Having just finished a paper where I found W&B an integral tool, I thought I’d summarize my thoughts while they’re still fresh.
W&B is awesome, and made what would have been a implausible project manageable.
Double Charles’ salary and get that man to produce 2-3x times more tutorials/streams/walk throughs. His hp-sweep tutorials is what really pushed me over the edge to start using W&B, and integrate it into the rest of my project. We could definitely use more tutorials on scaling projects across many machines (which isn’t super hard once I got it working with YAML config, but was with python api), walking through typical real ML project (tuning proposed model, tuning baseline comparisons, walk through web interface on how to gain insight into the runs, how to organize all the runs together coherently, how to use stored checkpoint to reload model and run when the reviewers bash your paper and want more experiments, etc…).

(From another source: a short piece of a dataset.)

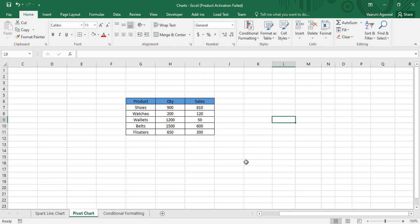Hey guys, welcome back to the YouTube channel Programming Knowledge. In today's Microsoft Excel tutorials video, we will be seeing what is a pivot chart and what is its significance. We are also going to create a pivot chart with data in Microsoft Excel, so let's get started.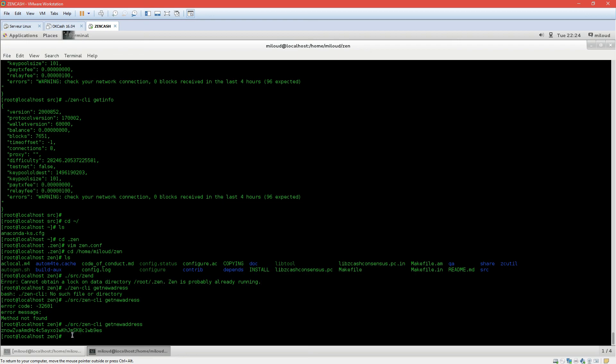So this is going to be it for this tutorial. I showed you how to install VirtualBox, how to set up your CentOS, and how to compile and start your Zencash wallet. I hope that helped you and I will see you in the next video. Have a good one.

Criticism: I have found the python api to be very unstable, particularly when moving across platforms. I believe it to be the cause of crashed/stalled GPUs (although I’m not sure how, setup below ***) when running hyperparameter sweeps. YAML configurations and CLI usage is by far more stable, scalable, and better integrated into the web interface. I think this needs to be better communicated in the documentation and tutorials. Many of the tutorials, or the ones I’ve watched, happen on Colab where it seems the python api gets used more. But for anything more than a toy case (in DL projects), you’ll need more than Colab to make progress., and this isn’t covered as much.
Critical Missing Features:
(a) Copy and pasting numeric values from plots on the web interface.
I ran hundreds of runs in my sweep. W&B helped me visualize them in these great pre-made charts. I hover over an object on the chart, and the numeric values pops up. Excellent. I now need to get this number into a python script to make my own plots. I go to copy and paste that value…but I can’t. I need to crane my neck to look close, and flip between my python screen and W&B screen to manually enter everything (and if I zoom in to make the number bigger, the chart auto-resizes and screws everything up), and make sure I got all 7 significant digits are correctly entered across my 200 runs (at 3 am before a deadline)… brutal. Please allow me to click and copy that value, my neck will thank you.
(b) Conditional sampling.
It would be awesome to be able to seamlessly integrate conditional distributions in the search.
-Suppose I have a NN that has two configurations, and in the first configurations I have an extra hyperparameter that I need to tune, which does not appear in the second. W&B cannot currently handle such a joint HP-search (other than in a random/grid configuration, where we keep sampling values for this hyperparameter that don’t get used, and can make interpreting the parameter importance plots confusing). I am forced to split the search into two searches, which makes viewing the results that much harder (at the end of the day, I only want the best configuration, not the best of the first and the best of the second).
-Suppose I have 3 datasets and 2 model configurations. It would be awesome if in one search I could specify “do a bayesian search to find the best model config for each dataset.” Instead of splitting them into different searches. I found myself creating ever more YAML files to achieve this.
(c) Sharing Visualizations Between Projects.
This is related to the last missing feature. Because I had to keep splitting the searches up into smaller individual searches, I kept getting more and more projects, where I had to create the same charts over and over again. Now it could be that I’m just not an advanced user yet, and I could have them all in one project already, etc (let me know if this is the case), but I feel I should be able to kind of drag and drop figure setups between projects where the values used in the plots are shared between all runs in both projects.
***If any W&B developers are reading this and want to try to reproduce, the configurations I had this problem with was using Pytorch Lightning callback with an Nvidia T4 GPU on (i) AWS servers and (ii) Google Colab. Try setting up a hyperparameter search using the python api, then try using yaml files and the cli api. A related problem you may notice on some platforsm is the printing of
ValueError(‘signal only works in main thread’) when using python api. Sometimes it’s only printed, sometimes it seems to crash the sweep. I posted about this previously here.